Data section: Begin

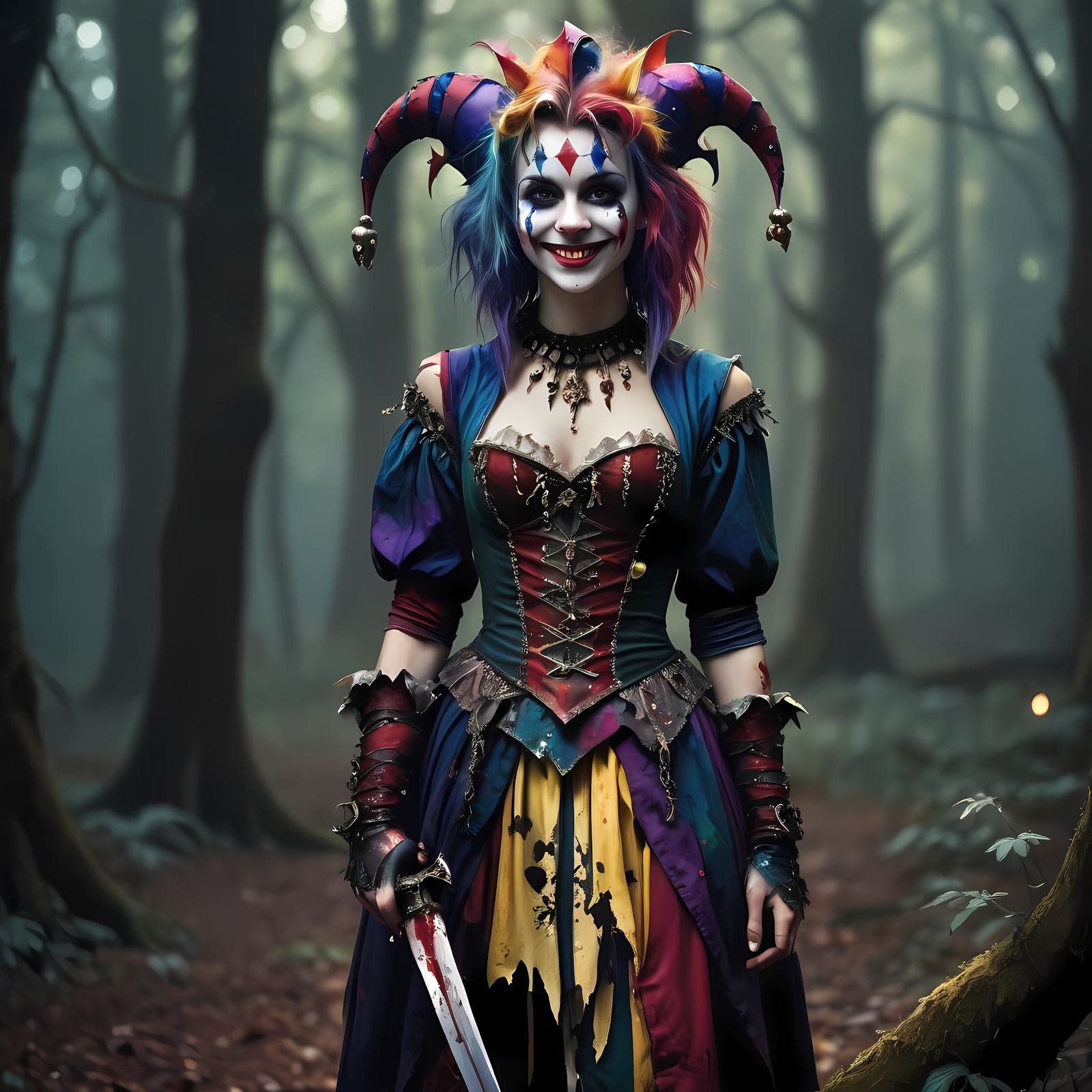 Epic Dark Fantasy Jester Portrait in Hyperrealism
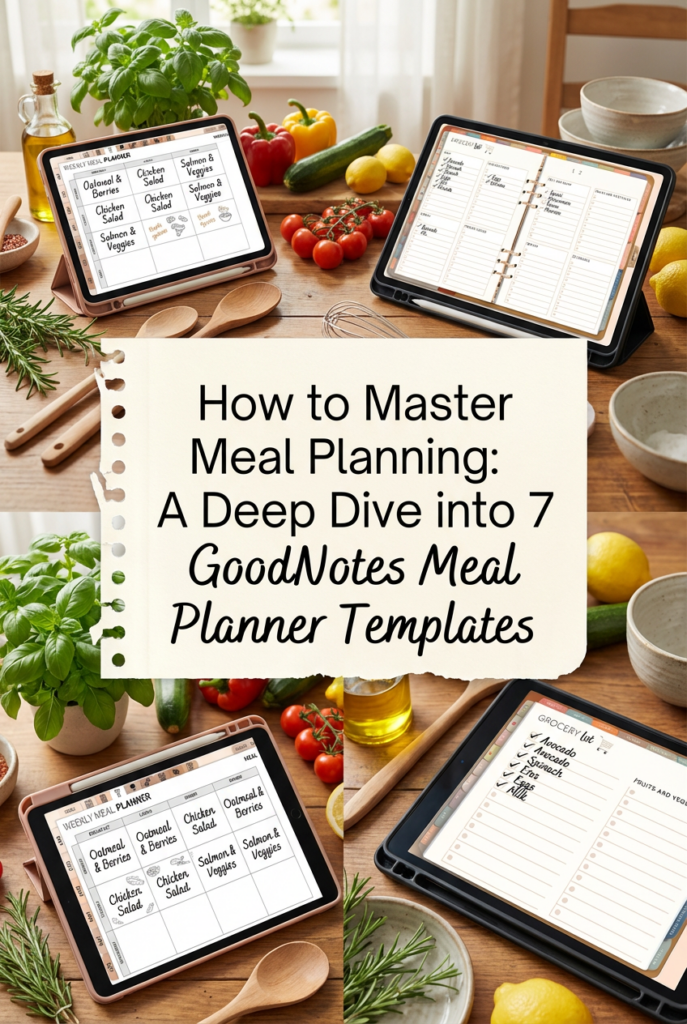 7 GoodNotes Meal Planner Templates
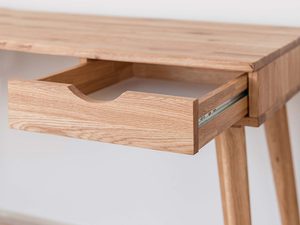 Miniaturka 10 - Drewniana toaletka biurko z szufladami zbliżenie szuflady otwartej JENS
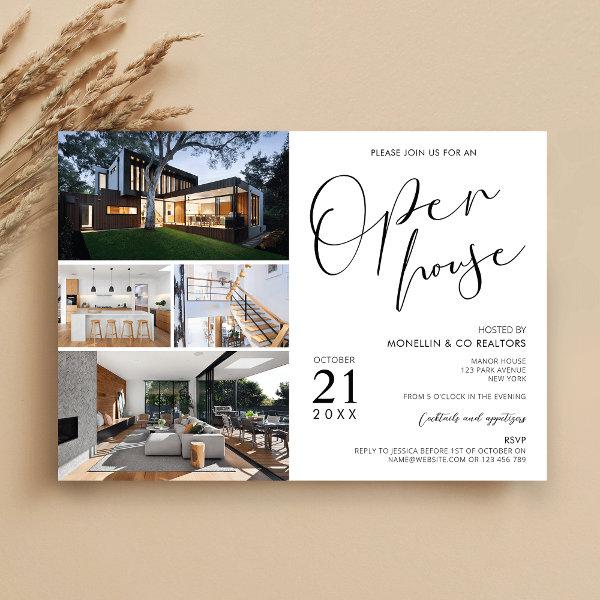 Minimal Black & White Realty Open House 4 Photos Invitation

Data section: End

### Exercise directions
Copy out every line above without change, dropping the pictures.

### Task answer
 Epic Dark Fantasy Jester Portrait in Hyperrealism
 7 GoodNotes Meal Planner Templates
 Miniaturka 10 - Drewniana toaletka biurko z szufladami zbliżenie szuflady otwartej JENS
 Minimal Black & White Realty Open House 4 Photos Invitation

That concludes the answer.